# Exercise
Return the lines of the data below starting at the one holding "KD02 Black : เสื้อเด็ก" and ending at the one holding "Men’s Sterling Silver", word for word, leaving every picture out.

# Data to examine
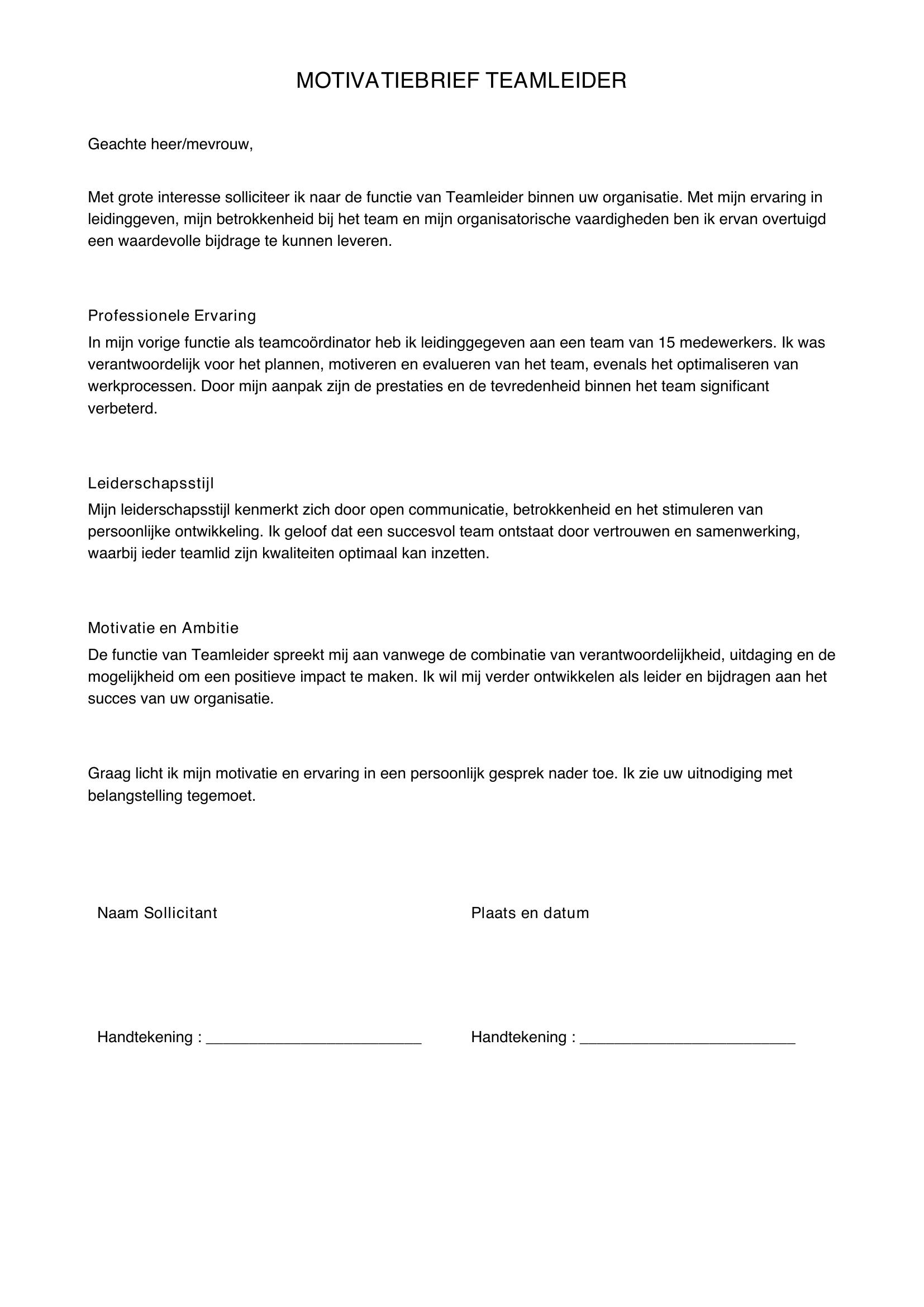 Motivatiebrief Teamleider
--
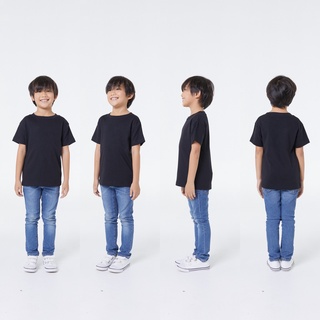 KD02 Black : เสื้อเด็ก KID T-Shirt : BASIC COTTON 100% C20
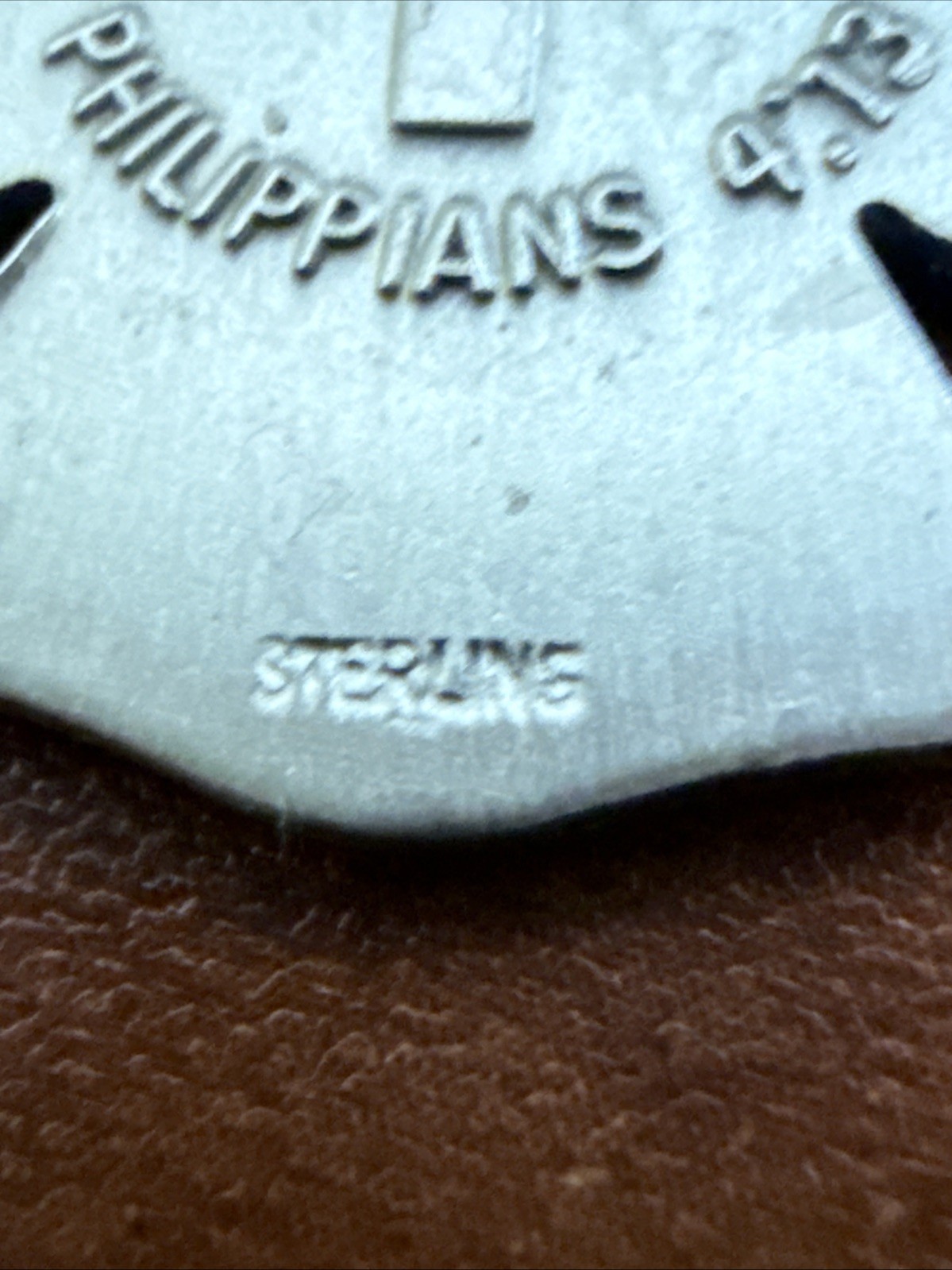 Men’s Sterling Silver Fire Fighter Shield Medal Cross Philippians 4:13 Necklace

# Output below
 KD02 Black : เสื้อเด็ก KID T-Shirt : BASIC COTTON 100% C20
 Men’s Sterling Silver Fire Fighter Shield Medal Cross Philippians 4:13 Necklace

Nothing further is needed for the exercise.